Inside Climate News:

The country’s farmers took in a record $19 billion in insurance payments in 2022, many because of weather-related disasters, according to a new analysis that suggests climate change could stoke the cost of insuring the nation’s farmers and ranchers to unsustainable levels.

The Environmental Working Group, which has for decades critically scrutinized the Federal Crop Insurance Program, published new researchThursday, finding that the cost of the program has soared from just under $3 billion in 2002 to just over $19 billion last year.

“We found between 2002 and 2022 the crop insurance program sent over $161 billion to farmers, and annual payouts in 2022 were 546 percent more than they were in 2001,” said Anne Schechinger, an agricultural economist and director at EWG. 

The crop insurance program has become increasingly popular with farmers over the past 20 years as a way to protect themselves from drops in prices and weather-related disasters.

Taxpayers subsidize about 60 percent of the premiums; farmers cover about 40 percent and pay deductibles on smaller losses.  

“We know that part of the increase in payouts comes from an increase in participation in the program, as well as crop prices,” Schechinger said. “But we also know that payments for weather-related losses are also going up.”

EWG also analyzed who received the bulk of the payments, confirming previous research showing that most of them are going to large, wealthy farms that grow one or two crops.

Roughly 80 percent of subsidies go to the largest 20 percent of farms. That’s in part because they produce most of the crops, but also because smaller farmers have a more difficult time qualifying for the programs. This, critics say, encourages the growth of large farms that use production methods that are more fuel and carbon intensive.

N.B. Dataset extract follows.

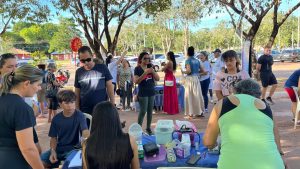 Pacientes interessados em melhorar sua qualidade de vida, devem procurar sua USF de referência para que possam receber acompanhamento com profissionais de saúde – Foto: Gabriela Letrari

In the past two decades, EWG found that roughly three-fourths of all indemnity payments, about $121 billion, went to corn, soybeans, wheat and cotton, and nearly $56 billion to corn growers alone.

Critics of the program worry that it will incentivize more carbon-intensive farming. Already U.S. farms are responsible for 11 percent of the country’s greenhouse gas emissions. A recent analysis suggests that percentage could rise to about 30 percent of the total by 2050—more than any other sectors of the economy—if farms and ranches don’t shrink their carbon impact. 

EWG’s research dovetails with other recent studies showing that the warming atmosphere has increased crop insurance payments and discourages farmers from adapting to climate change. More research also suggests that climate change will likely stoke crop insurance payments in coming years and finds that crop insurance premiums will rise.

Environmental Working Group:

Crop insurance payouts for losses associated with extreme weather have cost billions of dollars, a new Environmental Working Group analysis of Department of Agriculture data shows. Indemnities for the five most expensive weather-related causes of loss – drought, excess moisture and precipitation, hail, heat and freeze – totaled over $118.75 billion between 2001 and 2022, representing 73 percent of total crop insurance payouts.

The extreme weather events that triggered these payments are closely associated with the climate emergency. Yet the Crop Insurance Program does not encourage farmers to adapt to the extreme weather linked to the climate crisis, as EWG recently explained.

Our new investigation found that weather-related crop insurance indemnities have steeply risen over the past 22 years. As climate change continues to accelerate, it seems inevitable that, without meaningful reform, crop insurance costs will likewise grow unsustainably.